Arepo—thanks for your comment.
To be strictly accurate, perhaps I should have said ‘the more you know about AI risks and AI safety, the higher your p(doom)’. I do think that’s an empirically defensible claim. Especially insofar as most of the billions of people who know nothing about AI risks have a p(doom) of zero.
And I might have added that thousands of AI devs employed by AI companies to build AGI/ASI have very strong incentives not to learn about too much about AI risks and AI safety of the sort that EAs have talked about for years, because such knowledge would cause massive cognitive dissonance, ethical self-doubt, regret (as in the case of Geoff Hinton), and/or would handicap their careers and threaten their salaries and equity stakes.
This seems pretty false. E.g. see this survey.
That makes it sound like a continuous function when it isn’t really. Sure, people who’ve never or barely thought about it and then proceed to do so are likely to become more concerned—since they have a base of ~0 concern. That doesn’t mean the effect will have the same shape or even same direction for people who have a reasonable initial familiarity with the issue.

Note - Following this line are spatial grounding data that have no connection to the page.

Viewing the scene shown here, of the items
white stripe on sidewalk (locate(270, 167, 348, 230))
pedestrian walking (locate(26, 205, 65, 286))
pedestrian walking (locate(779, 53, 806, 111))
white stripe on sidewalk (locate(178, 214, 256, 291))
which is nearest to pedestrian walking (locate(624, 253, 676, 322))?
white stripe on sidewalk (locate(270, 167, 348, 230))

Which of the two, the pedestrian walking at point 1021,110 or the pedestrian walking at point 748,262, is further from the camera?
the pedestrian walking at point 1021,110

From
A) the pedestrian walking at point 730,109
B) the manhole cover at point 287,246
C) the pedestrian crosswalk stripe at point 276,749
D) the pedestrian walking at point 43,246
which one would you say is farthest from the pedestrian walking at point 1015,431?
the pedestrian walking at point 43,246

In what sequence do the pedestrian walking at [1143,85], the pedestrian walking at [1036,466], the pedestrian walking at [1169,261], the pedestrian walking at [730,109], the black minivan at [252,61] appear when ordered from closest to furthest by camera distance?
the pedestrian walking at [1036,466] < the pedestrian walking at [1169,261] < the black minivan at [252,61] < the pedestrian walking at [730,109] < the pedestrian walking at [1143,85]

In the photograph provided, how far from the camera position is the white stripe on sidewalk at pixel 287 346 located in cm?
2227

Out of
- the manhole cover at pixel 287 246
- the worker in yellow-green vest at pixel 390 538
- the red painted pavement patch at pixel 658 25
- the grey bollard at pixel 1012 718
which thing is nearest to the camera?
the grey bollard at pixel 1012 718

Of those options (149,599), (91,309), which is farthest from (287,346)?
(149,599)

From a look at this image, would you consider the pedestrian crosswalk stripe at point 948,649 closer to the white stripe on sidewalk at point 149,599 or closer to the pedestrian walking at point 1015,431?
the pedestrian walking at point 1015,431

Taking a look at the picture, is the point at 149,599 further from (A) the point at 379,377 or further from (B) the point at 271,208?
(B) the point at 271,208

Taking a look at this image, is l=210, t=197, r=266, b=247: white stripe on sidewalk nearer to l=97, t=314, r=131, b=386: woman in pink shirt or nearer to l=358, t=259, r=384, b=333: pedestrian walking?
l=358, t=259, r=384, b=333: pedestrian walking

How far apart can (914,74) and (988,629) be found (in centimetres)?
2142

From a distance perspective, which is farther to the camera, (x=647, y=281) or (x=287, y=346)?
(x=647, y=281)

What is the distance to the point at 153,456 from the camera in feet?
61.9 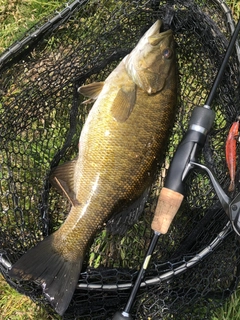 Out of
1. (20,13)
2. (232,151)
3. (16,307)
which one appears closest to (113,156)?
(232,151)

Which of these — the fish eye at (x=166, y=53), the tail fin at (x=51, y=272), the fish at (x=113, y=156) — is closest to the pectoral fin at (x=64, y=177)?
the fish at (x=113, y=156)

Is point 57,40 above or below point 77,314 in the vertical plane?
above

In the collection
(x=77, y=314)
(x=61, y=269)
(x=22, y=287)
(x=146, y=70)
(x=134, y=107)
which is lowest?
(x=77, y=314)

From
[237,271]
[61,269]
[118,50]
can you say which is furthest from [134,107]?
[237,271]

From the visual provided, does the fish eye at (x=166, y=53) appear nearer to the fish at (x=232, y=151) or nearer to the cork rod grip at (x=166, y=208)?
the fish at (x=232, y=151)

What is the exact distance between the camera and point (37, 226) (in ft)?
8.73

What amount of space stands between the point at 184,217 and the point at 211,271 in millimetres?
371

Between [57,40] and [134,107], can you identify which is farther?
[57,40]

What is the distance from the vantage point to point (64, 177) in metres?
2.49

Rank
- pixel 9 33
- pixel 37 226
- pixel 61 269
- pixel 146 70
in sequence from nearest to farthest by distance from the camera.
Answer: pixel 61 269 < pixel 146 70 < pixel 37 226 < pixel 9 33

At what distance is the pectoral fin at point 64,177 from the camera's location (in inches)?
96.7

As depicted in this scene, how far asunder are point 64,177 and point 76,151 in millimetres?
299

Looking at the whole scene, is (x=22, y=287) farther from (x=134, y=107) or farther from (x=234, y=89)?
(x=234, y=89)

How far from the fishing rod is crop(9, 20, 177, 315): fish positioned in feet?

Inasmuch as there is such an effect, it’s also hard to separate from reverse causation, where people who are more concerned about such outcomes tend to engage more with the arguments for them.
As for incentives—sure, that’s an effect. I also think the AI safety movement has its own cognitive biases: orgs like MIRI have an operational budget in the 10s if not 100s of millions; people who believe in high p(doom) and short timelines have little reason to present arguments fairly, leading to silly claims like the orthogonality thesis showing far more than it does, or to gross epistemic behaviour by AI safety orgs.
In any case, if the claim is that knowing more makes people have a higher p(doom), then you have to evidence that claim, not argue that they would do if it weren’t for cognitive biases.
Finally if you want to claim that the people working at those orgs don’t actually much about ‘know about AI risks and AI safety’ and so wouldn’t be counterpoints to your revised claim, I think you need to evidence that. The arguments really aren’t that complicated, and they’ve been out there for decades, and more recently shouted loudly by people trying to stop, pause or otherwise impede the work of the people working on AI capabilities—to the point where I find it hard to imagine there’s anyone working on capabilities who doesn’t have some level of familiarity with them (and, I would guess substantially more so than people on the left hand side of the discontinuous function).